Roberts was a 32-year-old outfielder acquired from the Dodgers about 10 minutes before the trading deadline (for minor leaguer Henri Stanley), on the same day Nomar Garciaparra was dealt to the Cubs. Roberts was strictly fine-print material.

“That whole team, from the moment I got there, had this undeniable belief that something special was going to happen,” said Roberts. When the time came, he was ready. “I was scared, excited,” he says. “I can’t tell you how many emotions went through me. He threw over once, and that was good because it helped settle me. He threw over again, and he almost picked me off. He threw over again, and now I was completely relaxed. I knew that after three throws they weren’t going to pitch out. I got a great jump. It was close, but, thank God, Joe West called me safe.”

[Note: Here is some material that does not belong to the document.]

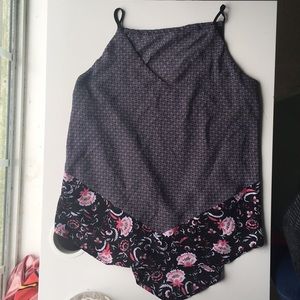 Adjustable Back V-neck Tank Top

“[Jorge] Posada made a great throw,” said Giants manager Bruce Bochy, recalling the play. “It was bang-bang. It just goes to show you what a thin line there is between winning and losing. Another few inches, and he’s out. And Boston’s done.”

Mueller’s single tied the game, and then David Ortiz delivered a game-winning, series-extending homer in the 12
th
inning.

Almost forgotten is the postscript: Game 5 at Fenway, eighth inning, 3-2, Yankees. Millar walks. Guess who pinch runs. Pitcher Tom Gordon is so obsessed with Roberts that he goes down 3-0 to Trot Nixon, who singles Roberts to third. Jason Varitek brings him home with the tying run on a sacrifice fly, and again, the Sox win in extra innings.

Roberts never again played for the Red Sox. Not in Game 6 or Game 7 of the ALCS, or in the World Series.

Roberts’s playing career was rather pedestrian. He was a .266 career hitter with 243 stolen bases in 10 seasons. He was a good teammate who could steal a base, slap a key hit, and play good defense in the outfield.

And in 2006, he was inducted into the Red Sox Hall of Fame.